Repeat the data in full. No line may differ from the original.

┌──

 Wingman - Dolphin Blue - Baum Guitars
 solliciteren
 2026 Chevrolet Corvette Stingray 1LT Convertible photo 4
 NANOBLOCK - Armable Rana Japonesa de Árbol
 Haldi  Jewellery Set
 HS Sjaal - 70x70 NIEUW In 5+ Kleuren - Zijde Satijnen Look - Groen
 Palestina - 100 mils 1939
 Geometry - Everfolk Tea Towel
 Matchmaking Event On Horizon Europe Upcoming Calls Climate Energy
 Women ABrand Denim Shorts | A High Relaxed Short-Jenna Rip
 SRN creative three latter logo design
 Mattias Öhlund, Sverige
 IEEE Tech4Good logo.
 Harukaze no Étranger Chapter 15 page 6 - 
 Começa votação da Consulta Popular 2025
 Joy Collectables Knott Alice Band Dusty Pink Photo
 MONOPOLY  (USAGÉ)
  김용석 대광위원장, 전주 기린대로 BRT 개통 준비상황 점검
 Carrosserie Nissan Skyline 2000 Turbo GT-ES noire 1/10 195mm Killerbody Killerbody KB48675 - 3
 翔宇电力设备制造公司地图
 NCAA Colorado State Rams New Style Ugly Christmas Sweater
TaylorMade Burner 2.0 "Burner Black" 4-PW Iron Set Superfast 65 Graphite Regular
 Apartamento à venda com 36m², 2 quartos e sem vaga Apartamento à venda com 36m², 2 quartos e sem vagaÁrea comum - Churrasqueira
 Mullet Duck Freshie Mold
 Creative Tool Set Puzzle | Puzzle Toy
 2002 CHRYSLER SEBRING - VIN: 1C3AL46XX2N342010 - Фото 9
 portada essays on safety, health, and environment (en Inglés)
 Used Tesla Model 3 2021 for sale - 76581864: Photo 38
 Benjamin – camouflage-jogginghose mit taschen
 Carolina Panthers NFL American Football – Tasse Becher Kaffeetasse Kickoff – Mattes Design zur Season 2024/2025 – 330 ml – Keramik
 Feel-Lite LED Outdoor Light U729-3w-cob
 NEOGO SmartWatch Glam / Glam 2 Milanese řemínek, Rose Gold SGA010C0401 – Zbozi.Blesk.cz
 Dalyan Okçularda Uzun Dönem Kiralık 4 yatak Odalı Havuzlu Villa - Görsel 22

└──

▶ Answer to the exercise:
 Wingman - Dolphin Blue - Baum Guitars
 solliciteren
 2026 Chevrolet Corvette Stingray 1LT Convertible photo 4
 NANOBLOCK - Armable Rana Japonesa de Árbol
 Haldi  Jewellery Set
 HS Sjaal - 70x70 NIEUW In 5+ Kleuren - Zijde Satijnen Look - Groen
 Palestina - 100 mils 1939
 Geometry - Everfolk Tea Towel
 Matchmaking Event On Horizon Europe Upcoming Calls Climate Energy
 Women ABrand Denim Shorts | A High Relaxed Short-Jenna Rip
 SRN creative three latter logo design
 Mattias Öhlund, Sverige
 IEEE Tech4Good logo.
 Harukaze no Étranger Chapter 15 page 6 - 
 Começa votação da Consulta Popular 2025
 Joy Collectables Knott Alice Band Dusty Pink Photo
 MONOPOLY  (USAGÉ)
  김용석 대광위원장, 전주 기린대로 BRT 개통 준비상황 점검
 Carrosserie Nissan Skyline 2000 Turbo GT-ES noire 1/10 195mm Killerbody Killerbody KB48675 - 3
 翔宇电力设备制造公司地图
 NCAA Colorado State Rams New Style Ugly Christmas Sweater
TaylorMade Burner 2.0 "Burner Black" 4-PW Iron Set Superfast 65 Graphite Regular
 Apartamento à venda com 36m², 2 quartos e sem vaga Apartamento à venda com 36m², 2 quartos e sem vagaÁrea comum - Churrasqueira
 Mullet Duck Freshie Mold
 Creative Tool Set Puzzle | Puzzle Toy
 2002 CHRYSLER SEBRING - VIN: 1C3AL46XX2N342010 - Фото 9
 portada essays on safety, health, and environment (en Inglés)
 Used Tesla Model 3 2021 for sale - 76581864: Photo 38
 Benjamin – camouflage-jogginghose mit taschen
 Carolina Panthers NFL American Football – Tasse Becher Kaffeetasse Kickoff – Mattes Design zur Season 2024/2025 – 330 ml – Keramik
 Feel-Lite LED Outdoor Light U729-3w-cob
 NEOGO SmartWatch Glam / Glam 2 Milanese řemínek, Rose Gold SGA010C0401 – Zbozi.Blesk.cz
 Dalyan Okçularda Uzun Dönem Kiralık 4 yatak Odalı Havuzlu Villa - Görsel 22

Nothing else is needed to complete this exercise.